* _Records for this task_
┌──

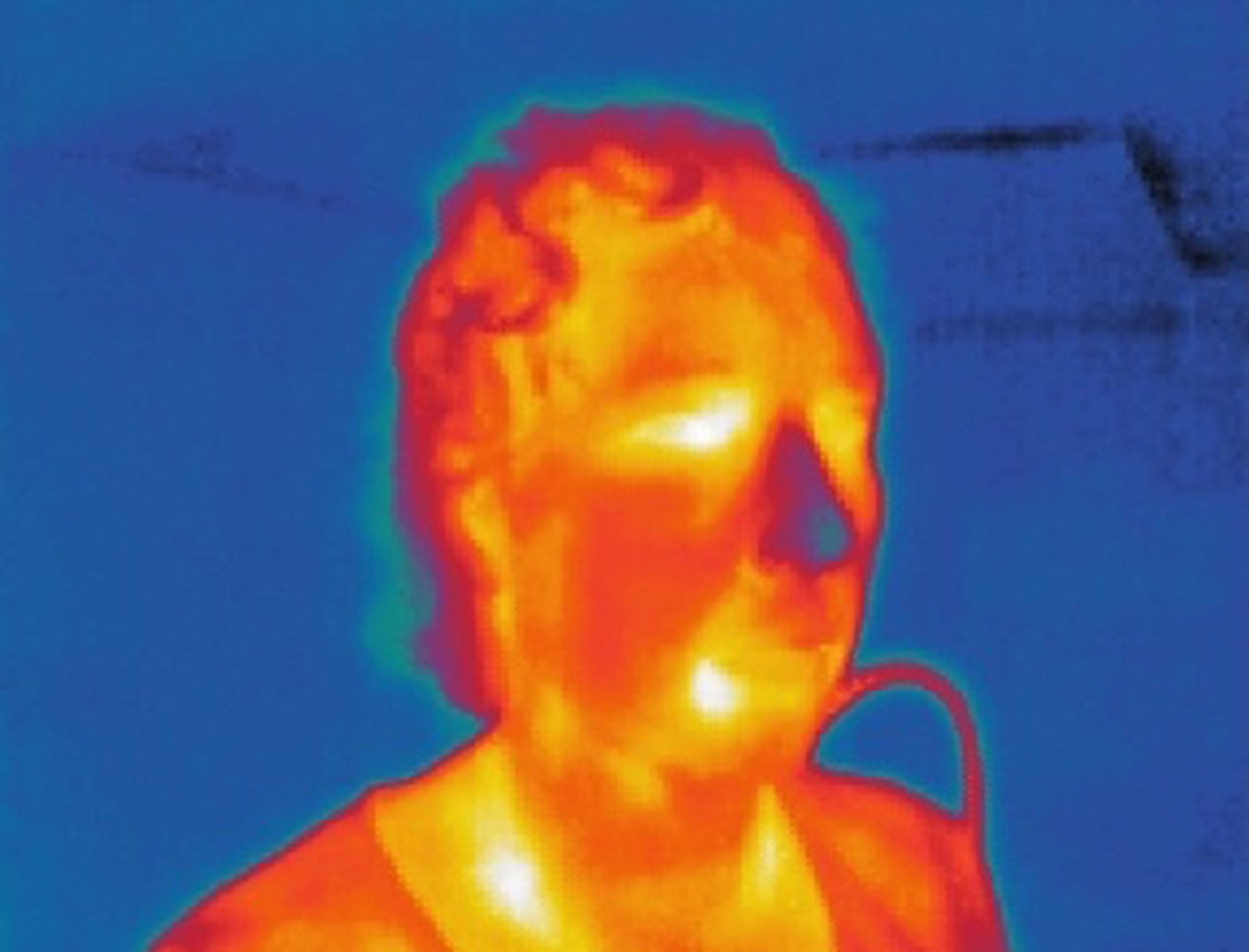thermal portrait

└──
┌──

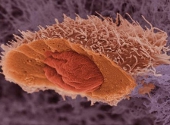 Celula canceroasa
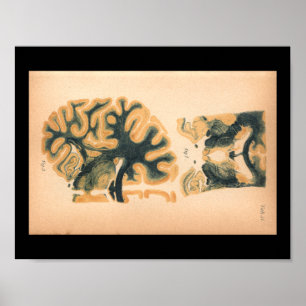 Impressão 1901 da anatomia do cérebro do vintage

└──
┌──

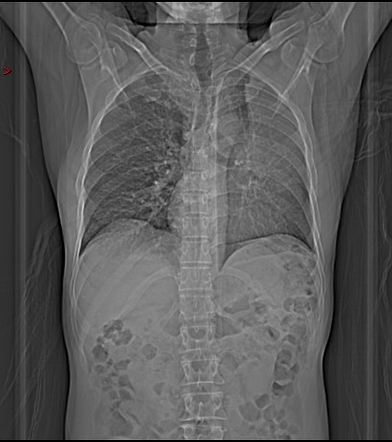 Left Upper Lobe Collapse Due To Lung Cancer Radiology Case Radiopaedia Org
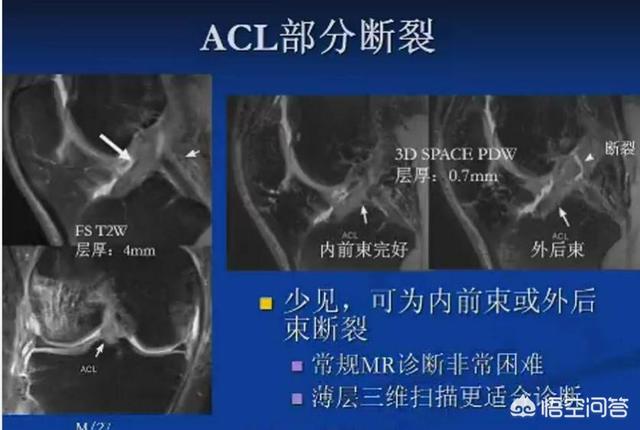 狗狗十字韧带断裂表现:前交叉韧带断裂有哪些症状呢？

└──

I'd like the lines above repeated exactly, from the one that contains "Celula canceroasa" through the one that contains "Impressão 1901 da", with no pictures.

 Celula canceroasa
 Impressão 1901 da anatomia do cérebro do vintage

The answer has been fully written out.